According to a recent Barna poll, the majority of adults in the U.S. want to grow spiritually, and are open to this in a way they were not in the past. 

The poll of 2,000 adults found that 74 percent of Americans say they “would like to grow spiritually,” while 44 percent say they are “more open to God today” than they were pre-pandemic. Additionally, 77 percent say they believe in God “or a higher power.” 

David Kinnaman, CEO of Barna, said the research reveals a “tremendous opportunity for faith leaders.” 

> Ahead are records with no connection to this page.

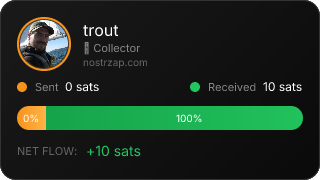 NostrZap Stats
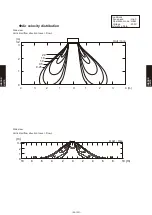 Preview for 272 page of Fujitsu AB* A12GATH Design & Technical Manual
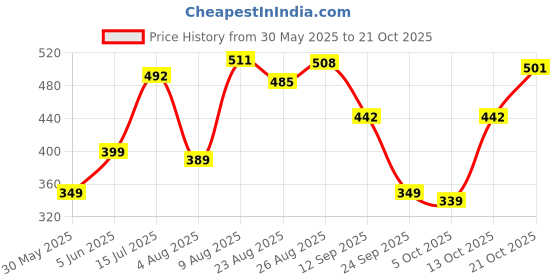 amazon.in purvaja Women’s High-Low Knee Length Dress(Ruby-062-to-069) purvaja Price History Graph from 30 May 2025 to 21 Oct 2025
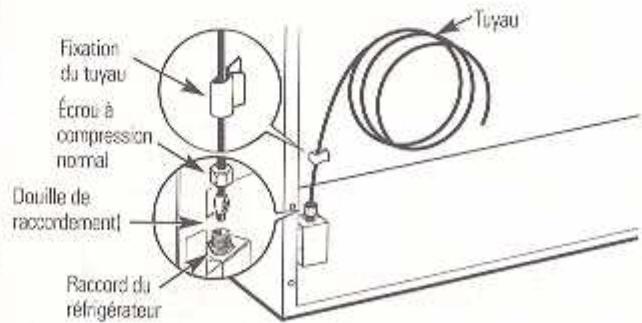 GE SIDE-BY-SIDE REFRIRATOR 20 - BRANCHEZ LE TUYAU A VOTRE REFRIGERATEUR (SUITE) - 3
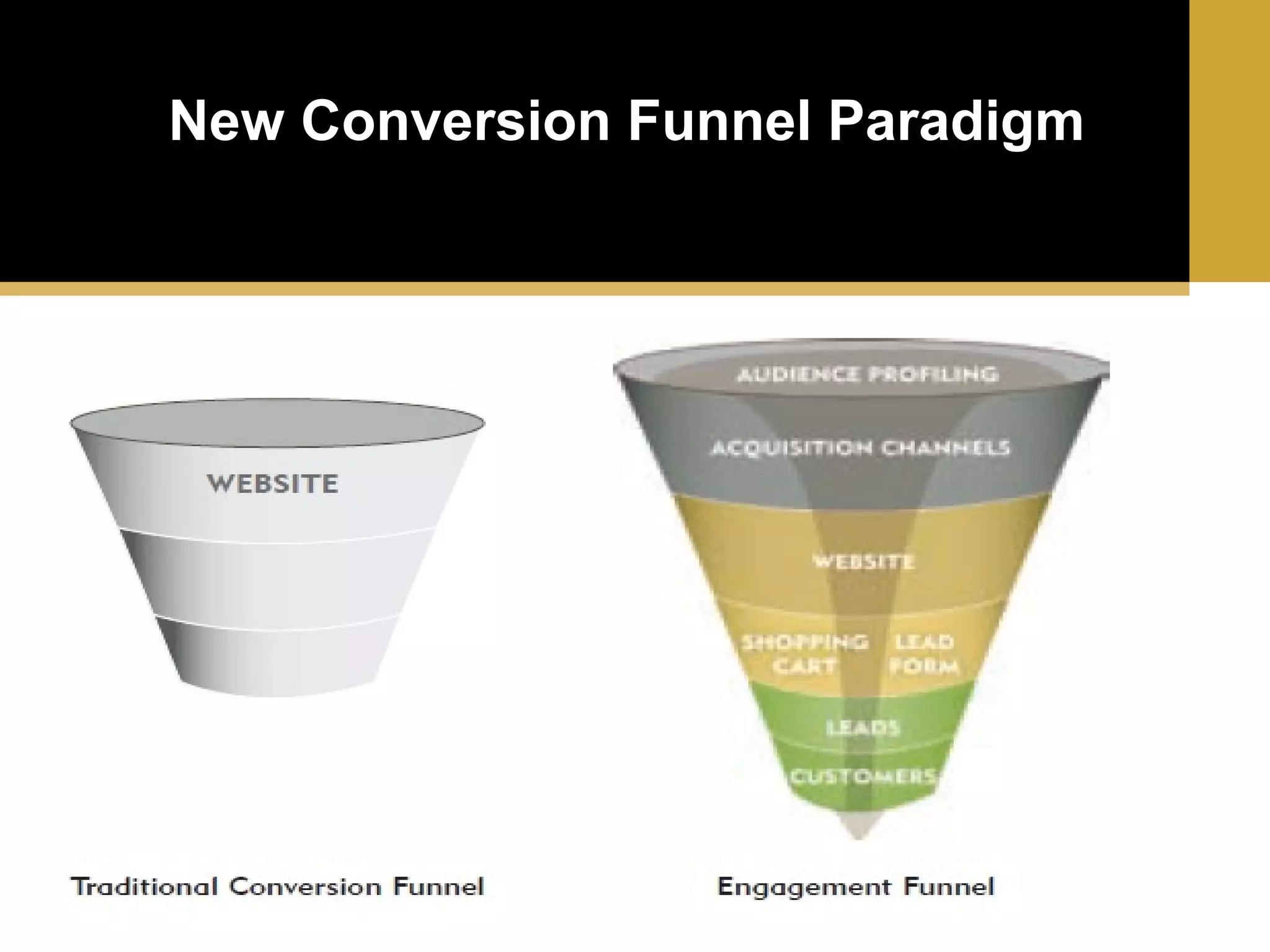 New Conversion Funnel Paradigm

 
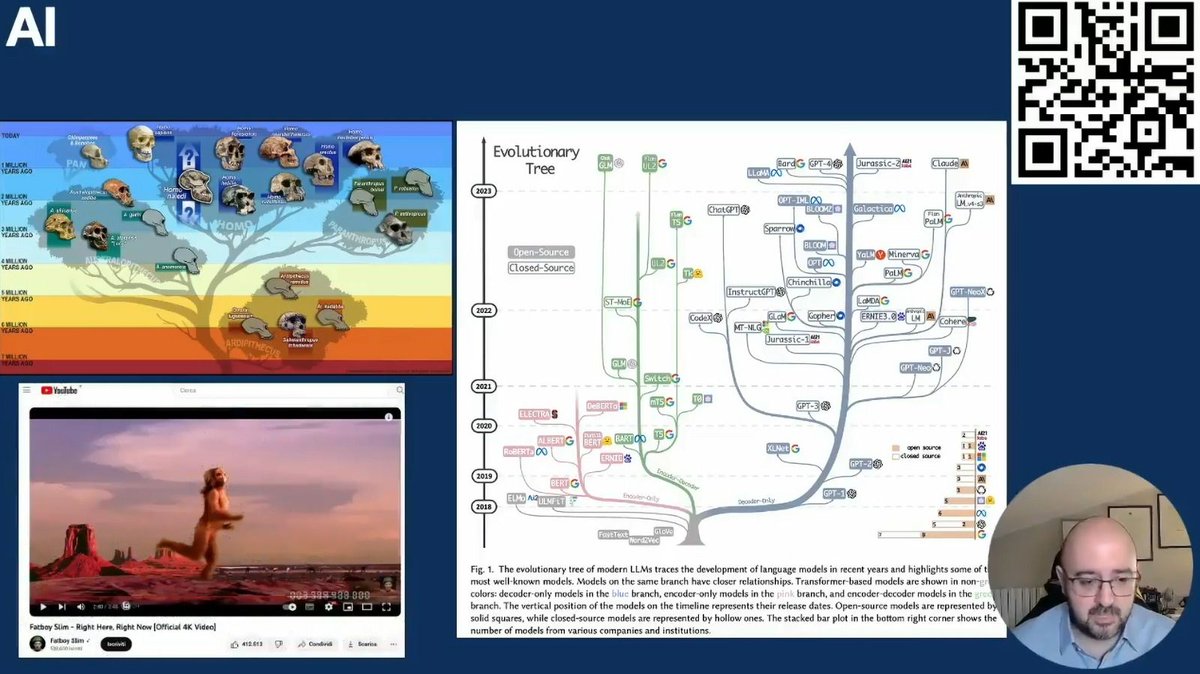ESNRad's tweet image. Our first AI Course:
Full Online
136 Participants from 53 countries
Two days of many outstanding lectures covering the most interesting topics in #AI
See you next time!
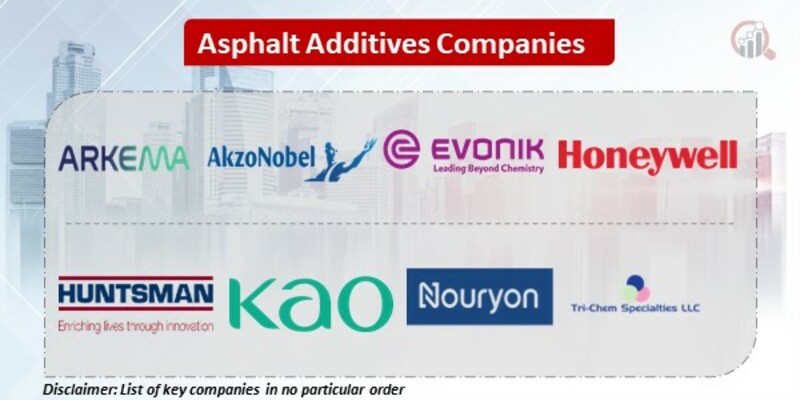 Asphalt Additives Key Companies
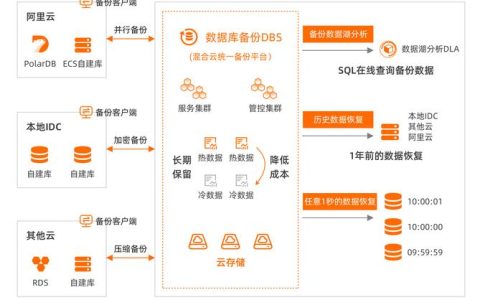 如何有效进行MySQL数据库的备份和恢复操作？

Kinnaman went on to say however, that this opportunity is only opportune if the Christian Church today is equal to the task of seizing it. 

“[Americans] are open to more that truly satisfies,” Kinnaman wrote. “The challenge facing the Church and parachurch ministries is whether they are ready and able to meet the spiritually open – where they are, as they are. Our data show the Church has real work to do to bridge the trust gap for people who are spiritual but not religious.” 

This is certainly a stern warning attached to a cause for great optimism. In a world where so many are seeking meaning amidst the wreckage of postmodern western culture, it is difficult to predict which way those in a holding position of being “not religious, but spiritual” (Peter Jones, One or Two: Seeing a World of Difference, p. 130) will turn. 

As Pastor Mike Signorelli has said about the entrance of occultism into the mainstream: “New Age practices are becoming a normal phenomenon,”….“Even secular companies are provoking people to step into the spiritual realm or to believe in the supernatural in a way that, it’s like we’re moving past atheism.” 

In this battle between light and darkness, the Spirit of God and the spirit of the time, Kinniman and Barna are right to pair optimism with a cautious caveat. 

Let us pray that the Christian Church today is up to the challenge of meeting postmodern man where he is – desperately seeking a metanarrative to make sense of the world while he paradoxically and assiduously protests against the existence of any metanarrative. For it is only the Story of Christ, the Creator and King, which offers a truly satisfying and glorious metanarrative.